(EXERCISE GOAL):
Output the records exactly, and drop each picture.

[Items listed in a dataset]
══════

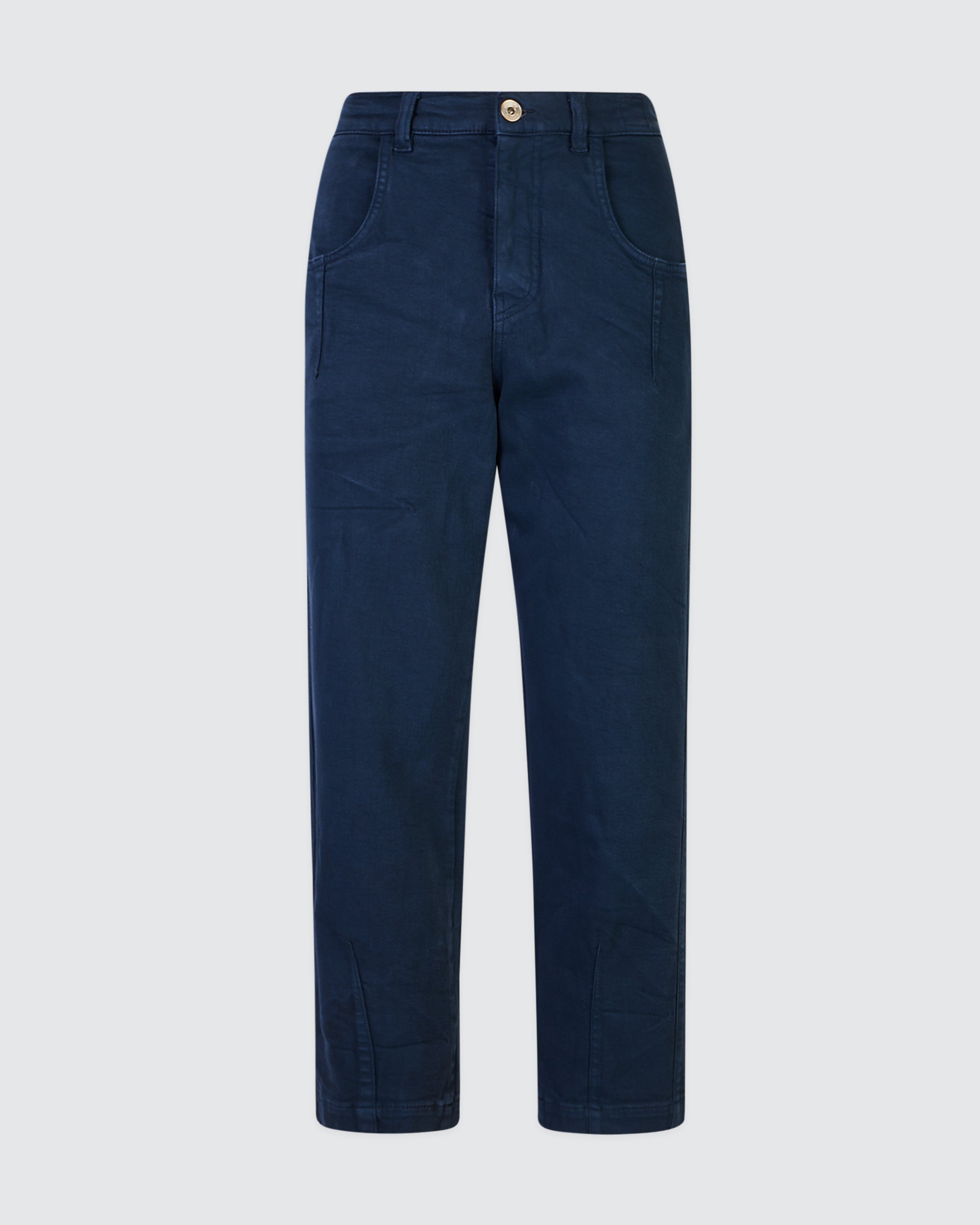 Women's Stretch Cotton Bull Denim Trousers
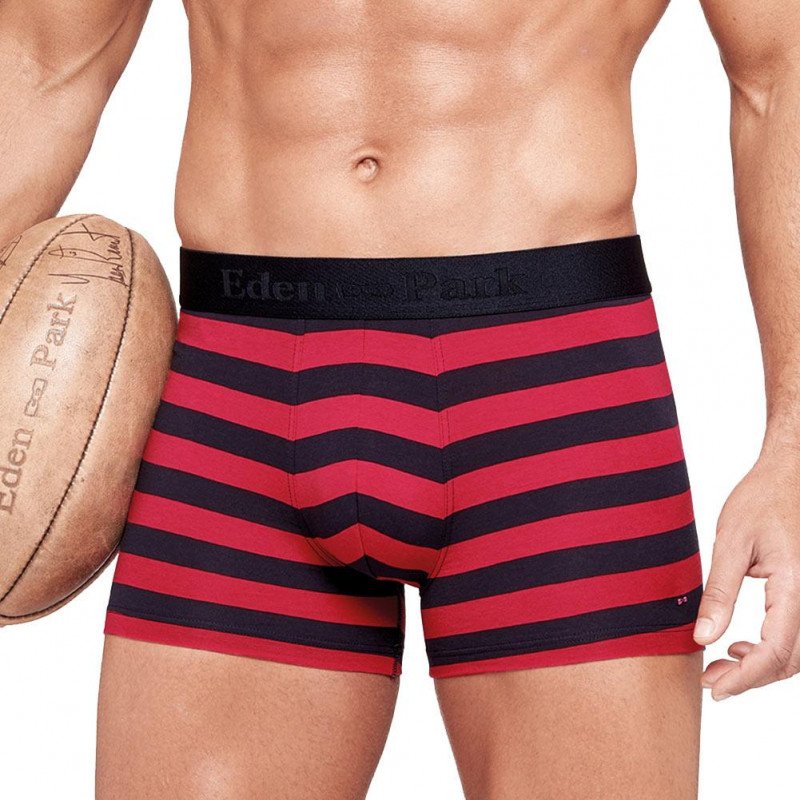 EDEN PARK Boxer Homme Coton ISLAND Tomato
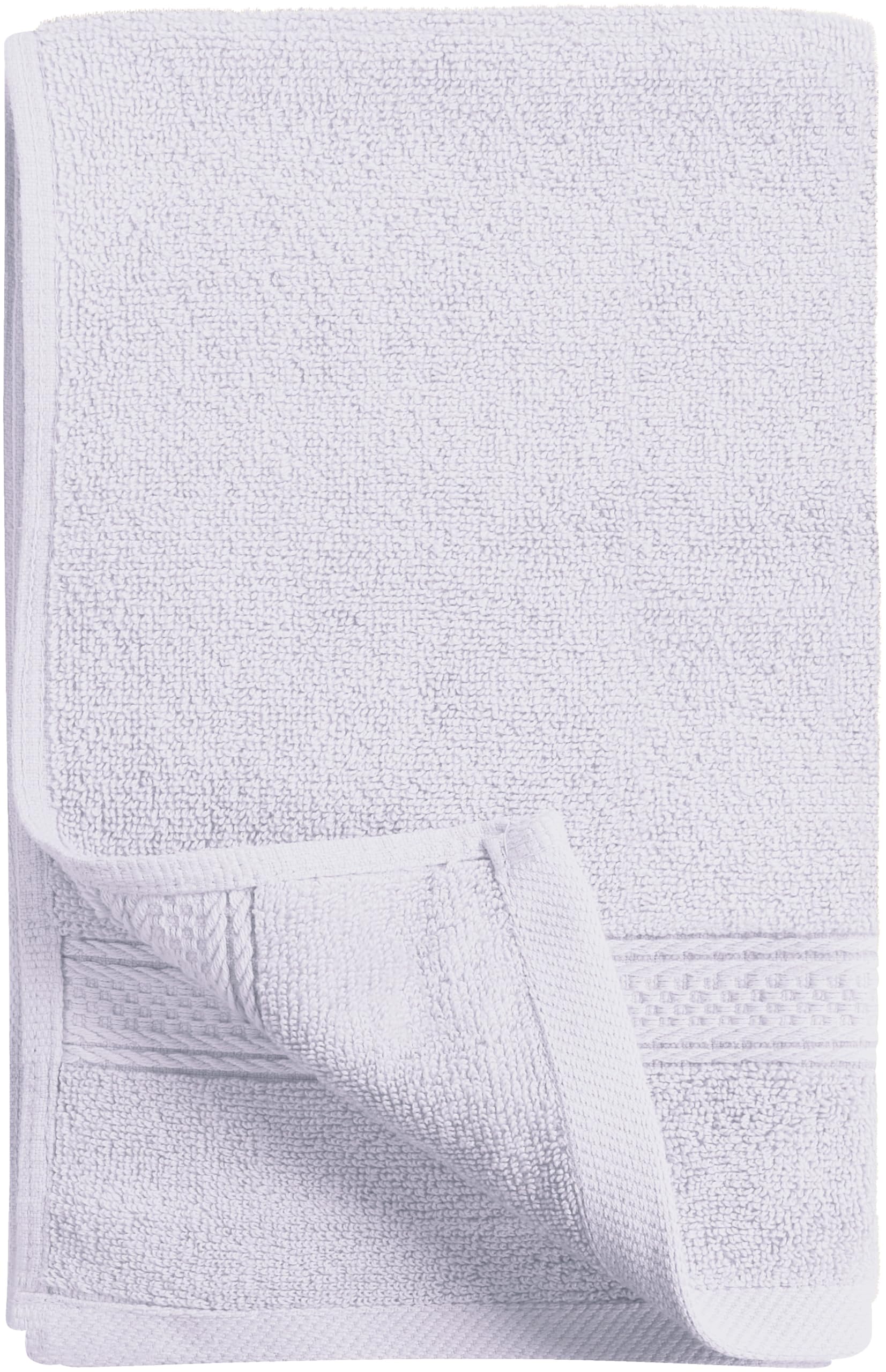 Utopia Towels hem stitching close-up highlighting durable edge finish benefit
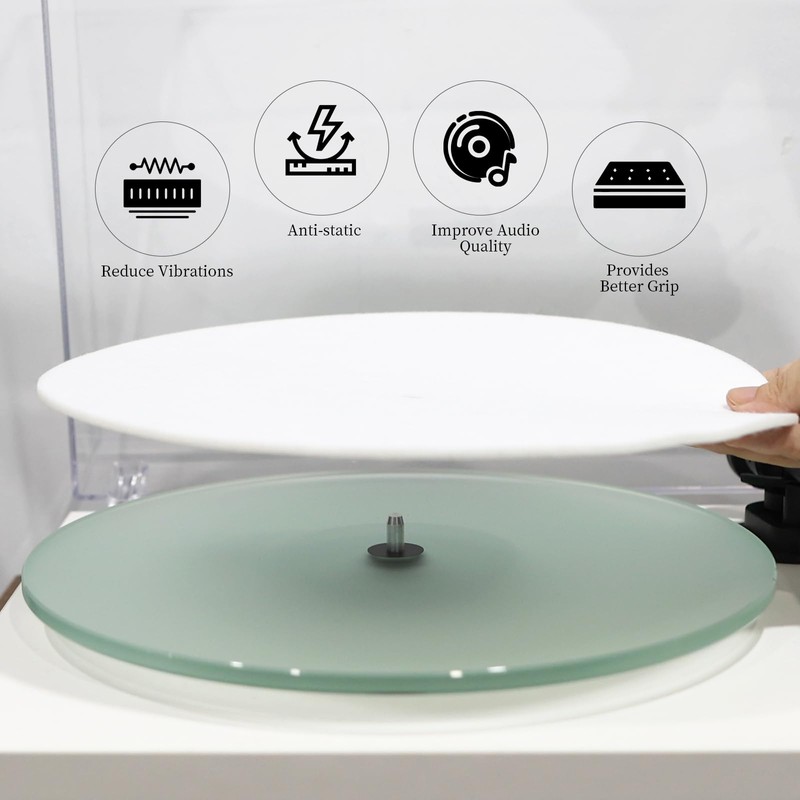 3mm Turntable Mat 12 Inch Slipmat Anti-Static for Viny Record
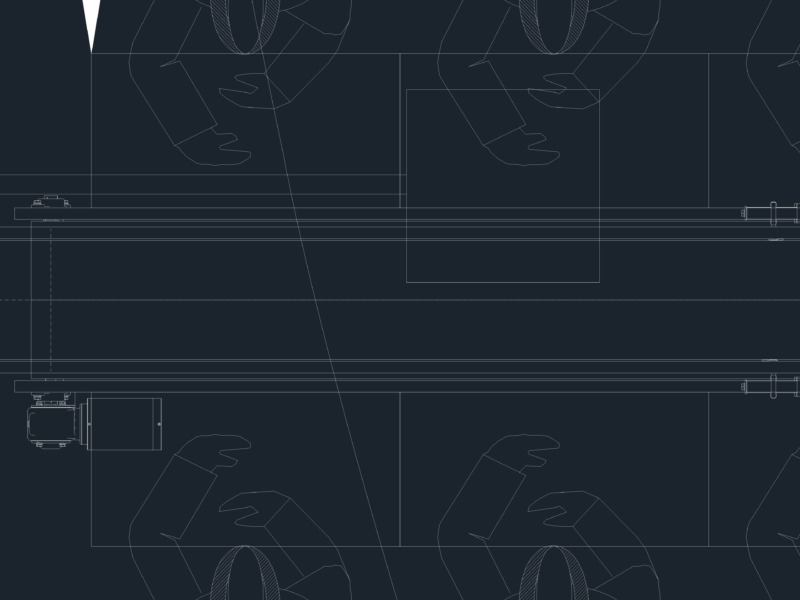 FM Smart Guiding Cut Up System and Leg Deboning Line Layout CAD Plan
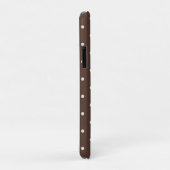 Stippenpatroon Bruin Wit voor Vrouwen Meisjes Case-Mate iPhone Case (Achterkant/rechts)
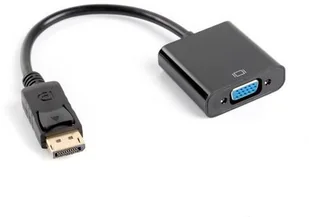 Lanberg Adapter DisplayPort M) > VGA 15 pin F) czarny na kablu (AD-0002-BK) - Adaptery i przejściówki - miniaturka - grafika 5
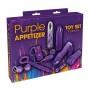 Purple appetizer 9-piece set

══════

(TASK ANSWER):
 Women's Stretch Cotton Bull Denim Trousers
 EDEN PARK Boxer Homme Coton ISLAND Tomato
 Utopia Towels hem stitching close-up highlighting durable edge finish benefit
 3mm Turntable Mat 12 Inch Slipmat Anti-Static for Viny Record
 FM Smart Guiding Cut Up System and Leg Deboning Line Layout CAD Plan
 Stippenpatroon Bruin Wit voor Vrouwen Meisjes Case-Mate iPhone Case (Achterkant/rechts)
 Lanberg Adapter DisplayPort M) > VGA 15 pin F) czarny na kablu (AD-0002-BK) - Adaptery i przejściówki - miniaturka - grafika 5
 Purple appetizer 9-piece set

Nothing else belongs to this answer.